──────── Records supplied ────────
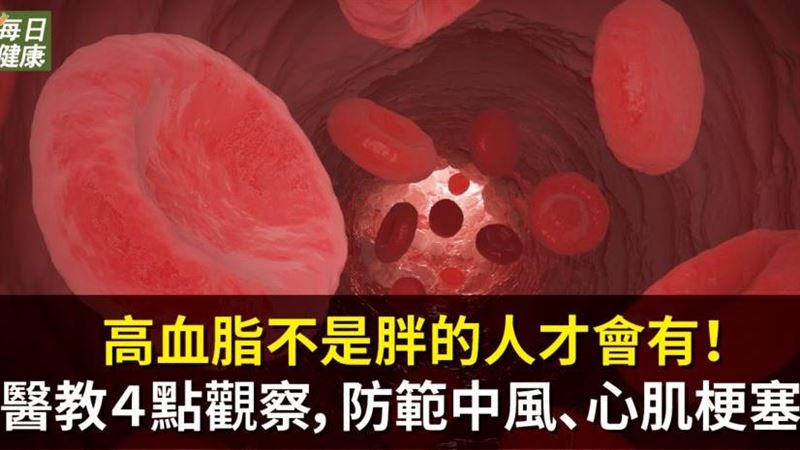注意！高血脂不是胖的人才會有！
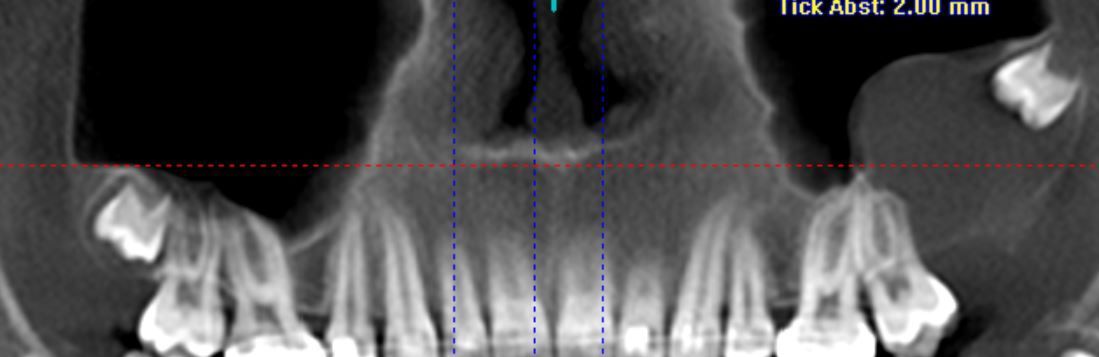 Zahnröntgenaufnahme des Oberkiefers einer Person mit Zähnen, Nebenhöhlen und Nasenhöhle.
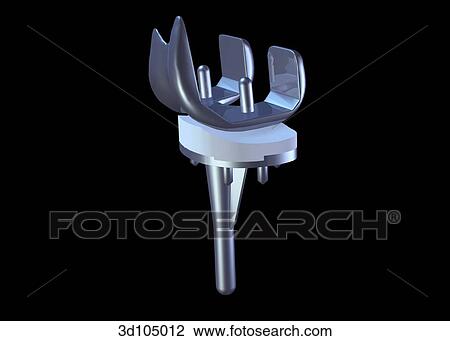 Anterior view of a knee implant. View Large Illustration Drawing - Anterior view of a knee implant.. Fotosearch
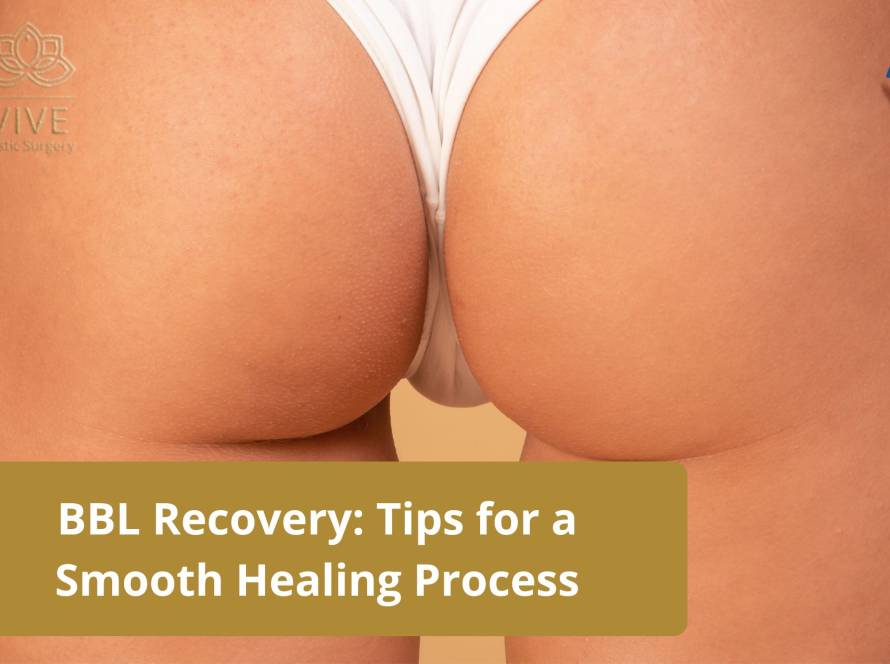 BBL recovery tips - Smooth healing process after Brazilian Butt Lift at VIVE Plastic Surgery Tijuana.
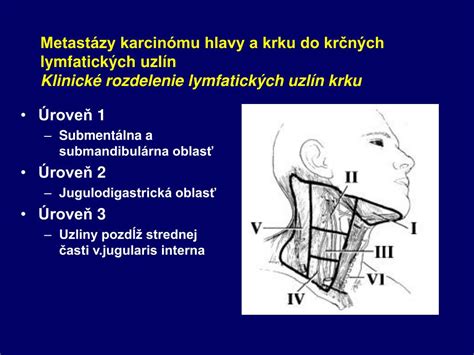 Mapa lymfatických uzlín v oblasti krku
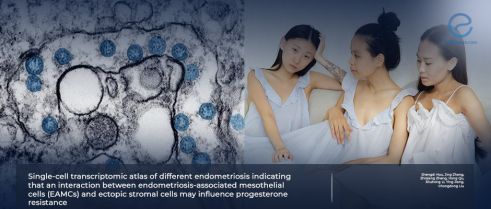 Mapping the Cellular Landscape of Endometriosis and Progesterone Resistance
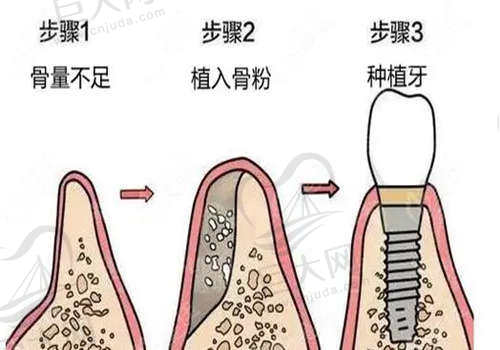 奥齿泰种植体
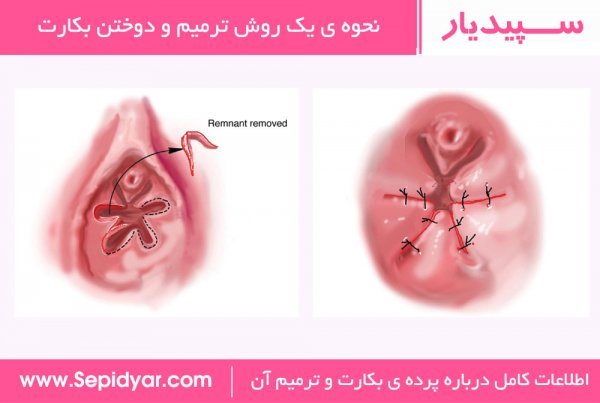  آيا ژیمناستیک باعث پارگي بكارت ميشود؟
────────
> _Required action_: Starting with the top line, write out all the data above exactly; keep the pictures out.

> _Answer_:
注意！高血脂不是胖的人才會有！
 Zahnröntgenaufnahme des Oberkiefers einer Person mit Zähnen, Nebenhöhlen und Nasenhöhle.
 Anterior view of a knee implant. View Large Illustration Drawing - Anterior view of a knee implant.. Fotosearch
 BBL recovery tips - Smooth healing process after Brazilian Butt Lift at VIVE Plastic Surgery Tijuana.
 Mapa lymfatických uzlín v oblasti krku
 Mapping the Cellular Landscape of Endometriosis and Progesterone Resistance
 奥齿泰种植体
  آيا ژیمناستیک باعث پارگي بكارت ميشود؟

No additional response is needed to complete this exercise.